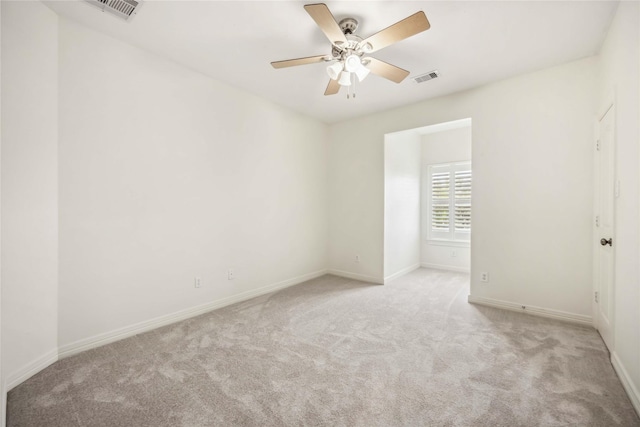 carpeted empty room featuring a ceiling fan, baseboards, and visible vents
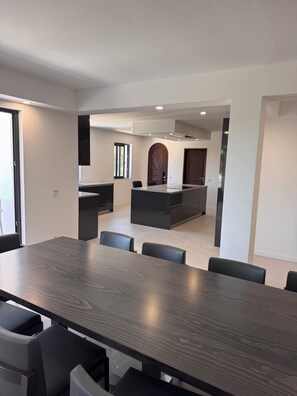 Een moderne keuken met donkere kastjes, een centraal eiland en een eethoek met een grote tafel en stoelen.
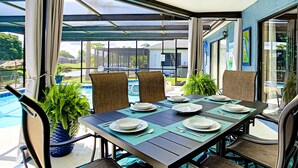 Un espace extérieur aménagé pour les repas, avec vue sur la piscine, un patio couvert et des chaises de salle à manger.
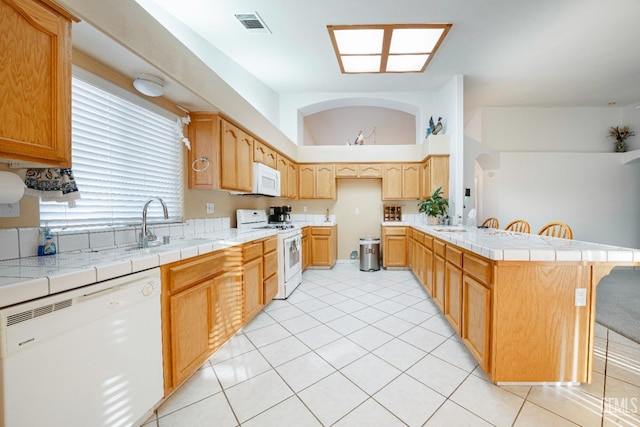 kitchen with white appliances, tile countertops, a breakfast bar area, and light tile patterned floors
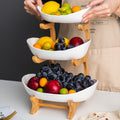 Three-tiered fruit basket with various fruits being added, person wearing a beige apron.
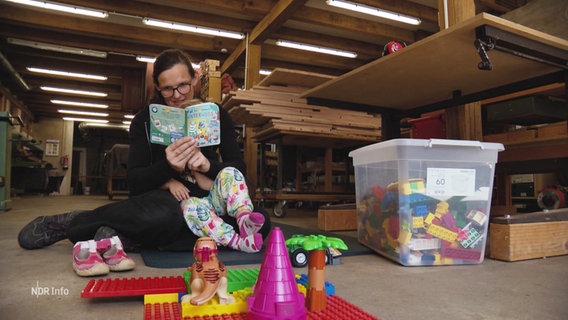 Tischlerin Johanna Röh sitzt in ihrer Tischlerei auf dem Boden und liest ihrem Kind aus einem Buch vor. Um sie herum stehen verschiedene Spielsachen. © Screenshot 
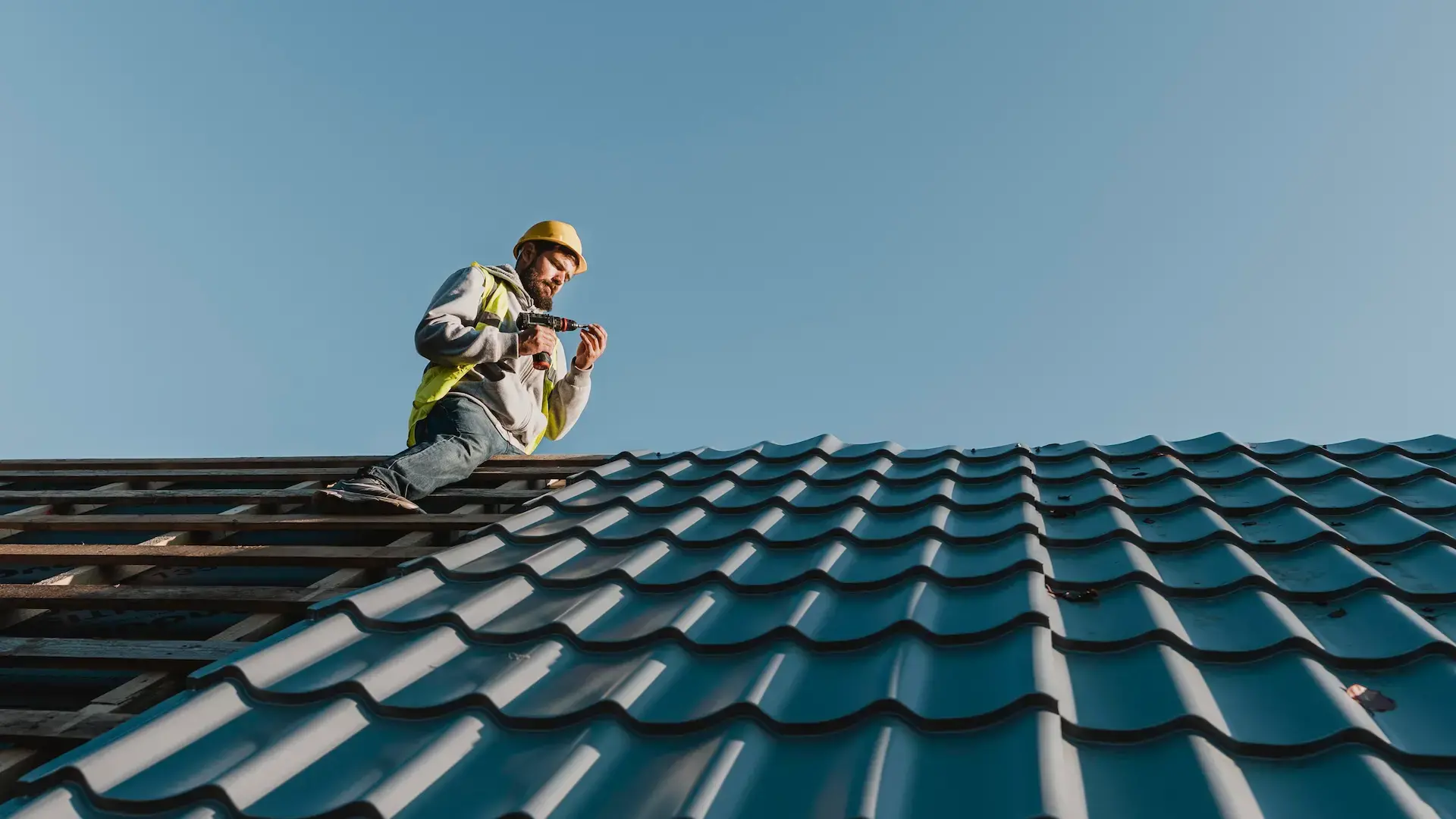 Long shot man working roof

□ □ □ □

Instructions to follow: Copy out exactly the lines above beginning with the line that contains "Een moderne keuken" and finishing with the line that contains "Un espace extérieur", including both; leave the pictures out.

Solved problem:
 Een moderne keuken met donkere kastjes, een centraal eiland en een eethoek met een grote tafel en stoelen.
 Un espace extérieur aménagé pour les repas, avec vue sur la piscine, un patio couvert et des chaises de salle à manger.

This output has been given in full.